I did all of this while making roughly $25,000 USD in 2015, a little more than half of what I made the year prior. Let me give you low-down on how I made this happen. Long story short: it involved some pre-planning, parental love, credit cards, and a lot of luck. I assure you, it was not all glamorous.
How It Happened
I started 2015 off with the desire to make the transition from renting my cottage in Boise, Idaho, to becoming location independent. I had been working remotely as a creative project manager for a Fortune 100 tech company, but had mostly been limited to working in the U.S. as that was where a majority of my clients were based. In February I caught a lucky break—I became the company’s interim lead project manager for the Asia Pacific Region. I packed everything in storage and was off less than a month later.
Arriving in China after a vacation in India, my goal was to spend each month in a different locale in Asia. This was quickly derailed as due to the controlled Internet situation in the country, working in China proved to be unfeasible.

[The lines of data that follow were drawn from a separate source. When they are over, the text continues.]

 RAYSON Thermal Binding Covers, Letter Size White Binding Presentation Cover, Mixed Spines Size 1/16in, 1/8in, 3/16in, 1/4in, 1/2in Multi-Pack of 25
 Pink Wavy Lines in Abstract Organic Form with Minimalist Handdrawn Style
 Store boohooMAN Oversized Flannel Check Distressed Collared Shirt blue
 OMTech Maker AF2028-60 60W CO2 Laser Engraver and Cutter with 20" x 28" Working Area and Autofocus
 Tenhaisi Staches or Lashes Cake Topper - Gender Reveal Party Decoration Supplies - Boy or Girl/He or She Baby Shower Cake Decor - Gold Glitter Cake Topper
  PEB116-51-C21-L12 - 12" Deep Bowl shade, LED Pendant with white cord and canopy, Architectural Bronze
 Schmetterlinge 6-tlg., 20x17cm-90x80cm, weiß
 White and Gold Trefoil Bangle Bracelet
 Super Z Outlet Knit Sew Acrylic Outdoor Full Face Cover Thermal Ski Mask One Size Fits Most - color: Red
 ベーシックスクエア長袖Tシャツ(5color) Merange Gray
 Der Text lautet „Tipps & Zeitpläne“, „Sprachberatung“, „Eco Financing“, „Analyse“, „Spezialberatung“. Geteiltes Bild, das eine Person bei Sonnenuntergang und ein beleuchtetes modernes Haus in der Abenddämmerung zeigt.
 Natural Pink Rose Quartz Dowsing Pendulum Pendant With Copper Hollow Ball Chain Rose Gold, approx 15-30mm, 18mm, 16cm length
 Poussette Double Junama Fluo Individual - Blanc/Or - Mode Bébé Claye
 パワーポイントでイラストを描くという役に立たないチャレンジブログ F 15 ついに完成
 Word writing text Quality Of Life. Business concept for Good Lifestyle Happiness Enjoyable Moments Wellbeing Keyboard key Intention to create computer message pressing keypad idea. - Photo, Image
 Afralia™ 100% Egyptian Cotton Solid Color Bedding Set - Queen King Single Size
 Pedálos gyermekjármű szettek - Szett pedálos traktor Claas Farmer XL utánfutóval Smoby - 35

So I headed to Thailand for about five weeks, with a visa run/work laptop repair jaunt to Singapore. Then it was off to South Korea. I liked it there so much that I ended up staying a second month. In-between I took a week long holiday to Europe.
At the end of June, I parted ways with my job, wanting to follow my passion of starting a travel company. I headed back to the U.S., where I spent the summer visiting friends and family and went on a fiscally irresponsible, yet totally amazing trip to Iceland.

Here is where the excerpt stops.